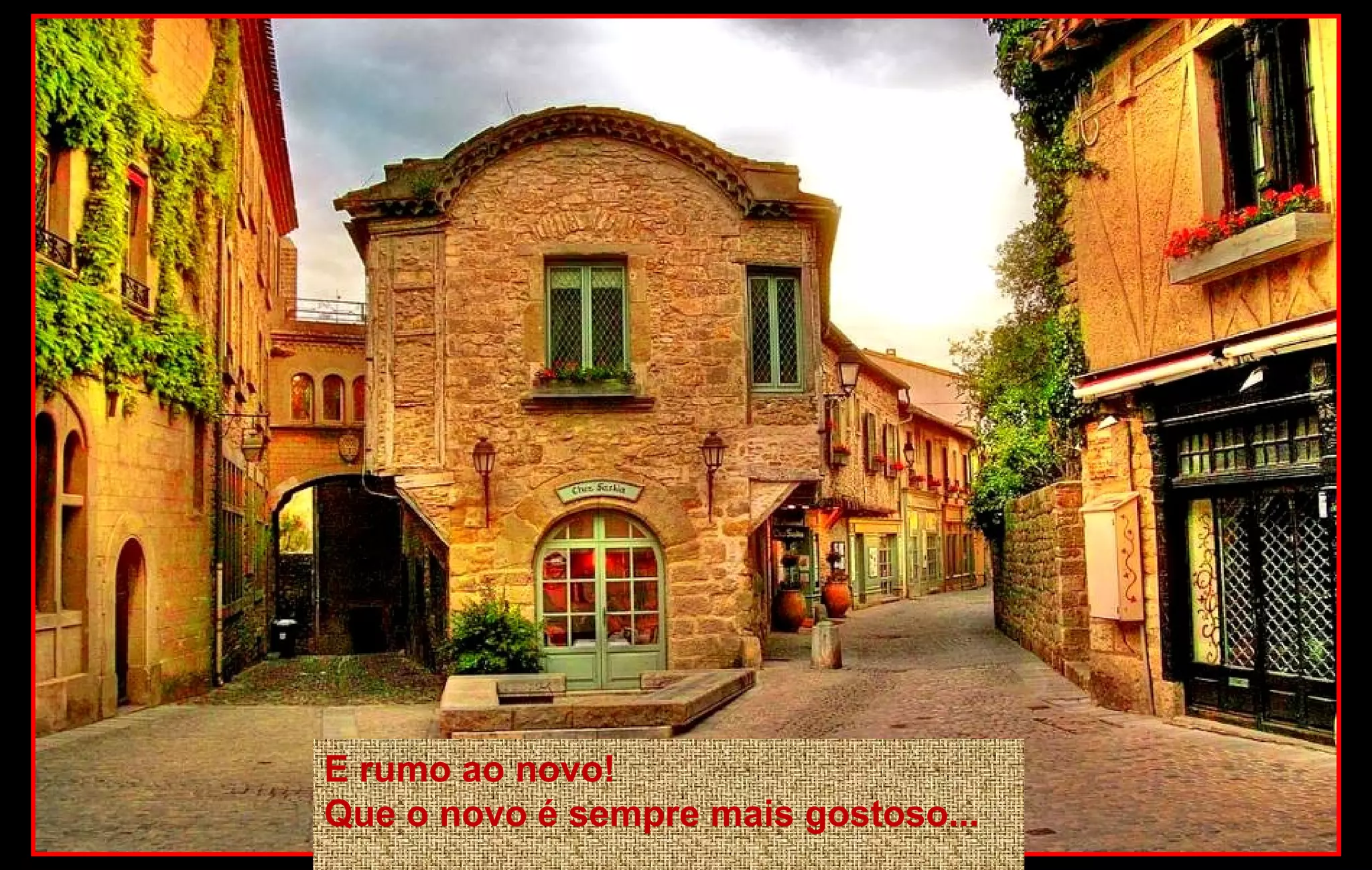 E rumo ao novo!
Que o novo é sempre mais gostoso...
 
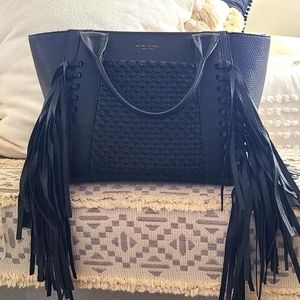 Henri Bendel Leather Fringe Large Handbag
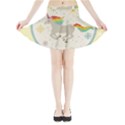 Unicorn Pattern Mini Flare Skirt View3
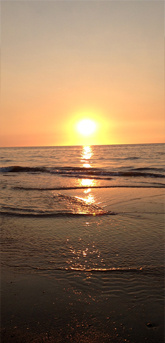 Abendstimmung am Strand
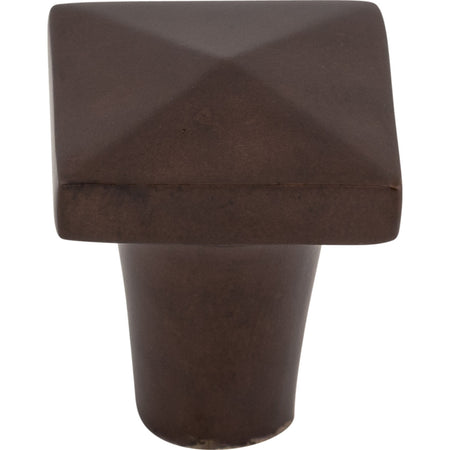 Top Knobs M1513: 7/8" Aspen Square Cabinet Knob - Mahogany Bronze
• • • • • • •
Transcribe the whole listing, character for character, but not its images.

 E rumo ao novo!
Que o novo é sempre mais gostoso...
 
 Henri Bendel Leather Fringe Large Handbag
 Unicorn Pattern Mini Flare Skirt View3
 Abendstimmung am Strand
 Top Knobs M1513: 7/8" Aspen Square Cabinet Knob - Mahogany Bronze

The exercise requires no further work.